This report describes and reviews the available data pertaining to the pharmacokinetics of linezolid.
1. Pharmacokinetic Profile
The pharmacokinetics of linezolid have been assessed in healthy male and female volunteers following oral and intravenous administration. The following regimens have been assessed: single oral doses of 50–500mg;[16] multiple oral doses of 100–625mg given every 8 hours for up to 10 days;[16] multiple oral doses of 375–625mg given every 12 hours for 14 days;[17] single intravenous doses (30-minute infusion) of 250–750mg;[16] multiple intravenous doses of 250–500mg given every 8 hours for up to 7 days;[16] and multiple intravenous doses of 500 and 625mg given every 12 hours for 7 days.[17]

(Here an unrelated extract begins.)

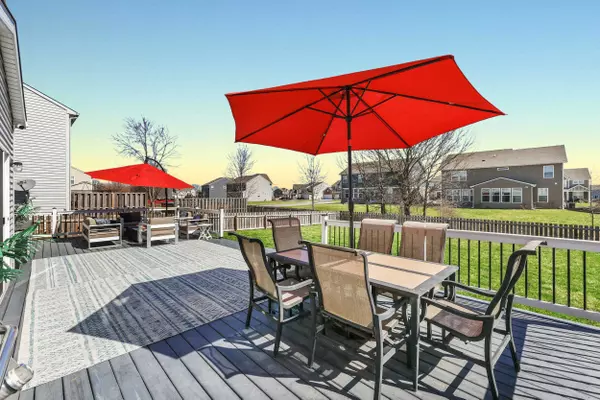 2673 Night Hawk RD, Greenwood, IN 46143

Linezolid has been approved as 400mg or 600mg administered twice daily. Doses of 375mg and 625mg were assessed in early pharmacokinetic trials, which approximate the final doses of 400mg and 600mg. A summary of the pharmacokinetic parameter values of linezolid in healthy volunteers after a single dose or multiple doses every 12 hours is provided in table I. Pharmacokinetic steady state is achieved after two to four doses of linezolid. The average steady-state minimum plasma concentrations (Cmin) were 3.9 and 8.02 mg/L for the 375mg and 625mg oral doses, respectively; the corresponding average maximum plasma concentrations (Cmax) were 13.2 and 18.8 mg/L, respectively.[17] Mean linezolid plasma concentrations are near or exceed the MIC90 values for the target pathogens for the entire 12-hour administration interval after oral or intravenous administration of 625mg.[17] Mean steady-state concentration-time profiles for oral linezolid 375mg and 625mg given twice daily are shown in figure 1.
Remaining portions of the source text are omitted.